Not long ago 20 bucks wouldn’t get you far in the world of portable audio. Mediocre build quality, few accessories, and most importantly, terrible sound were the standard. You got what you paid for; not much.
Today’s landscape in the world of portable audio is a vastly different place. Instead of wading through a sea of waste and settling on the best of the worst, we are spoiled with quality options that would have been unthinkable just a short time ago; sub-20 dollar hybrids with removable cable, dual-dynamic drivers, impeccably built metal housings, cables and cases that feel like they sucked up the entire cost of the item you bought, custom-styled housings, and more. With a number of worthy purchases cropping up seemingly every week, it’s getting more and more challenging to sort the champs from the chumps.
Today’s earphone, the Mixcder X5, takes aims and shoots for the top echelon of budget earphones. Let’s check them out together, shall we?
I would like to thank Denise at Mixcder for sending over a complimentary copy of the X5 for the purposes of this review. I am not receiving any financial compensation for these writings.
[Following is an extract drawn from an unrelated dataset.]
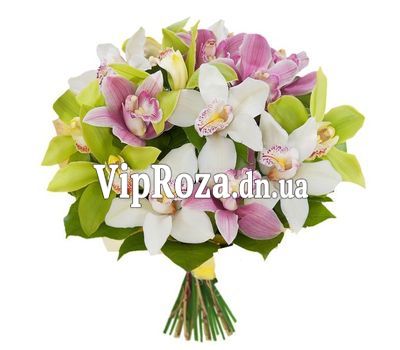 Букет із 15 орхідей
The thoughts within do not represent Mixcder or any other entity, and are simply my thoughts and observations of the X5 after spending a week and many hours listening to them. Speaking of a week, this is less time than I prefer to spend reviewing a earphone. Should my thoughts and feelings change in the future as I continue to use and compare the X5 with other similarly priced earphones, I will be sure to update and adjust the review accordingly.
You can check out the X5 here on Mixcder.com; https://www.mixcder.com/mixcderr-x5-wired-eaphone.html
My Gear and I:
I’m a 30 year old professional working for what is currently the largest luxury hotel chain on the planet. I have a background in Psychology which probably explains my somewhat dry writing style. My entry into the world of portable audio was due primarily to a lack of space for a full-sized stereo system during my university years, and truly began with the venerable JVC HA-FXT90. After reading pretty much the entirety of IjokerI’s multi-earphone review thread, reviews from other established reviewers, and thus being greatly inspired, I took a chance and started writing my own.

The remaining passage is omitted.